Exercise
Nothing but the lines below from the one with "Black White Geometric Vase" through the one with "I Fix Stuff" should be output, each exactly as given, and no pictures.

[Source material Boundary: Start]

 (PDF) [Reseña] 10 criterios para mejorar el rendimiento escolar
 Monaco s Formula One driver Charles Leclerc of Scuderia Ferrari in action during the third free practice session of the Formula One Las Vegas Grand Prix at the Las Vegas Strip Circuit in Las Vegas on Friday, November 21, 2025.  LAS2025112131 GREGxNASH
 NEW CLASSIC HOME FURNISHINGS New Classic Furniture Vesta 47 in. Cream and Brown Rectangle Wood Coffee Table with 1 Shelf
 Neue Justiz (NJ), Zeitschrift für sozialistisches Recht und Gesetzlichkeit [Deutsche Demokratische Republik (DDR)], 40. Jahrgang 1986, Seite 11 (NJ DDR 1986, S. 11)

[Source material Boundary: End]
[Source material Boundary: Start]

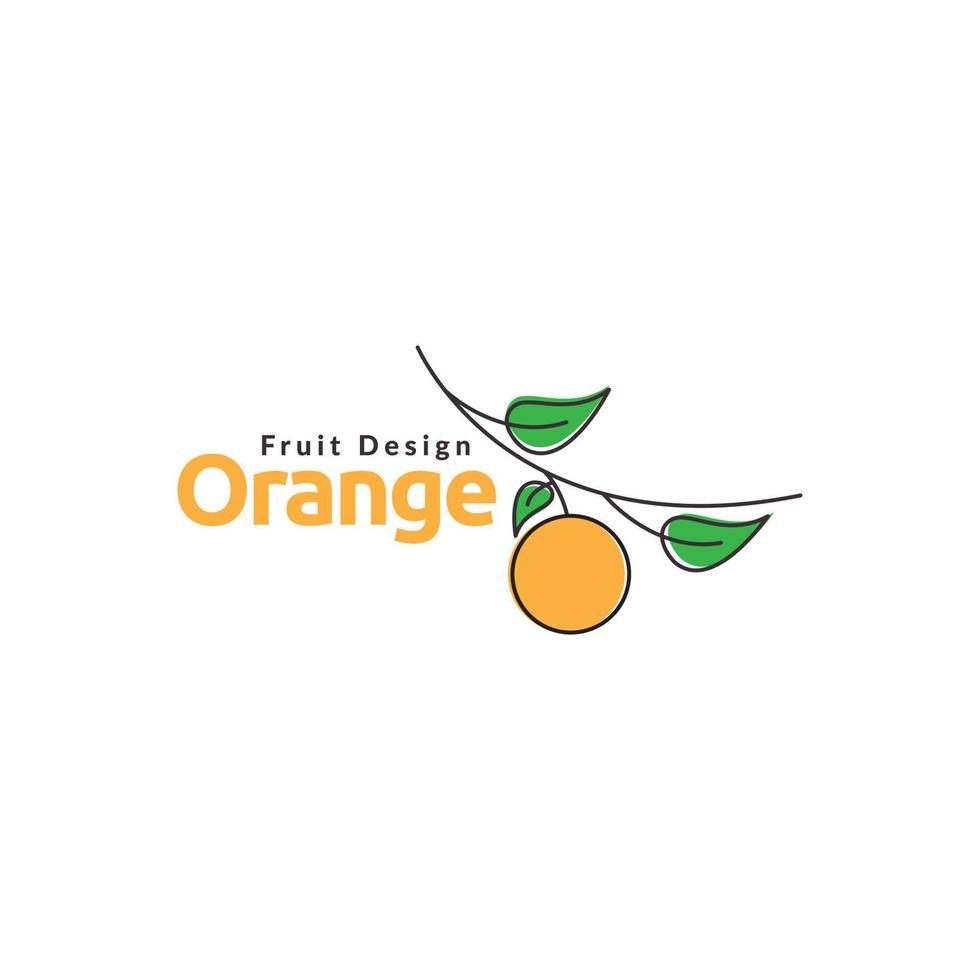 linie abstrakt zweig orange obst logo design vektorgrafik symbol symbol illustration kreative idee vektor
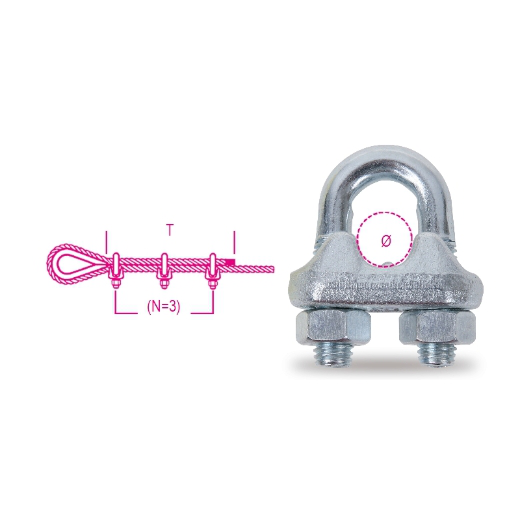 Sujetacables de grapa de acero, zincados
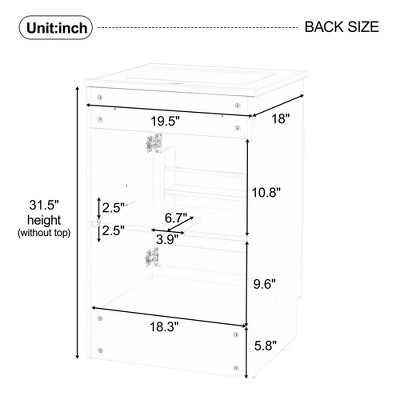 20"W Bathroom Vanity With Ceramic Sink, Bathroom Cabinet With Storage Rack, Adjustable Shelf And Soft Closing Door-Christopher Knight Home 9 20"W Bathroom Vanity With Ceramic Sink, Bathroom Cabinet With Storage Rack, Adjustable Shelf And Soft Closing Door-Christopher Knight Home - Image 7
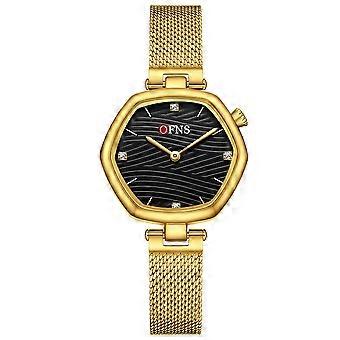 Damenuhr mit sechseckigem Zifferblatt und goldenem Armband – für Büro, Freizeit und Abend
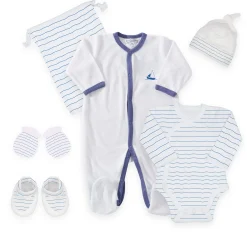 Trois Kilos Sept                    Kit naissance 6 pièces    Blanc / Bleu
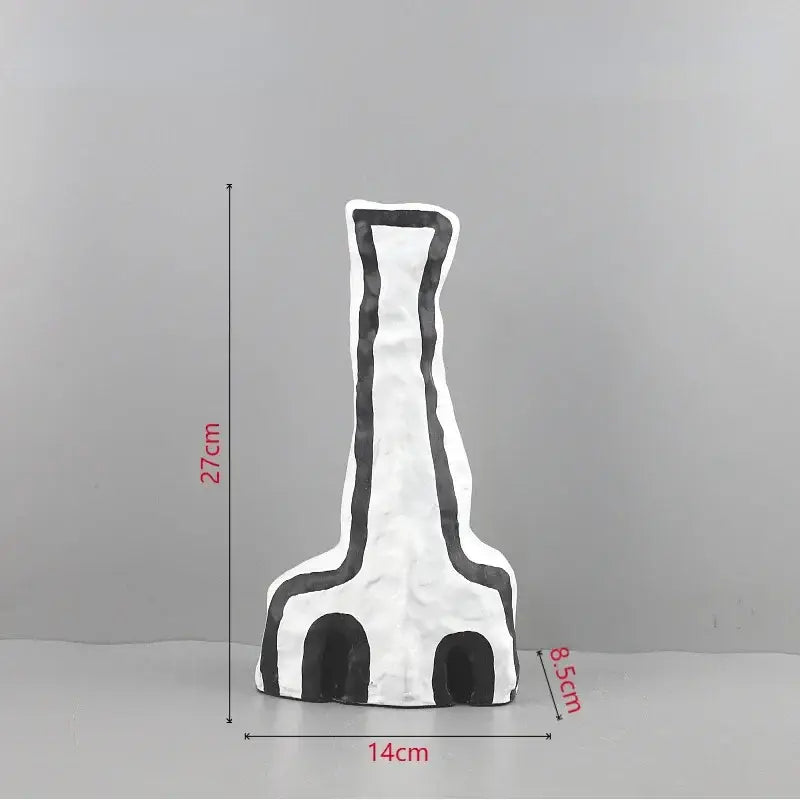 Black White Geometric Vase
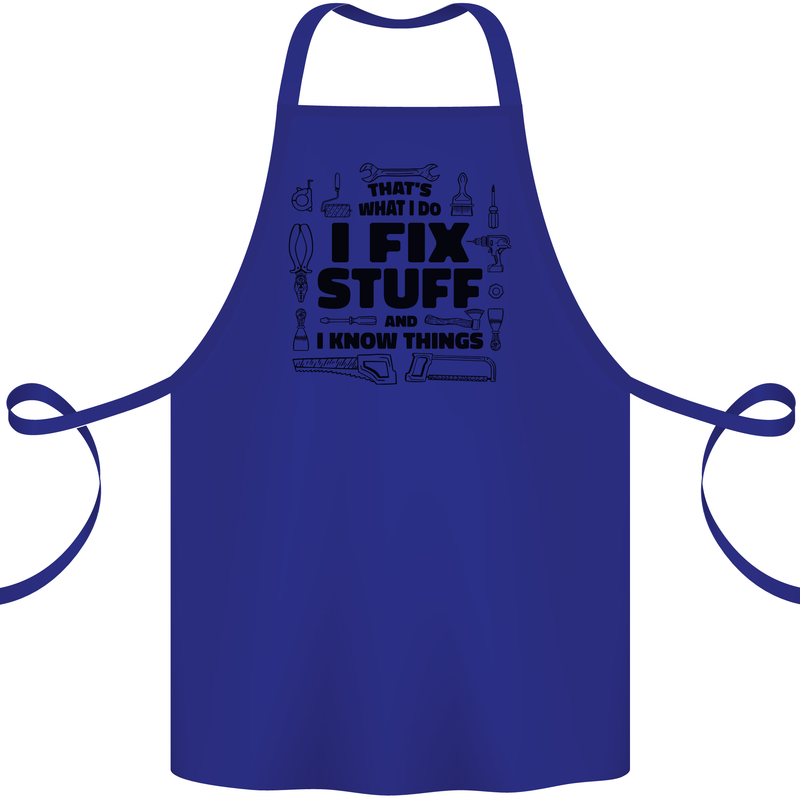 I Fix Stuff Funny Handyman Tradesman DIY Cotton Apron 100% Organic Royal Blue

[Source material Boundary: End]

Exercise result
 Black White Geometric Vase
 I Fix Stuff Funny Handyman Tradesman DIY Cotton Apron 100% Organic Royal Blue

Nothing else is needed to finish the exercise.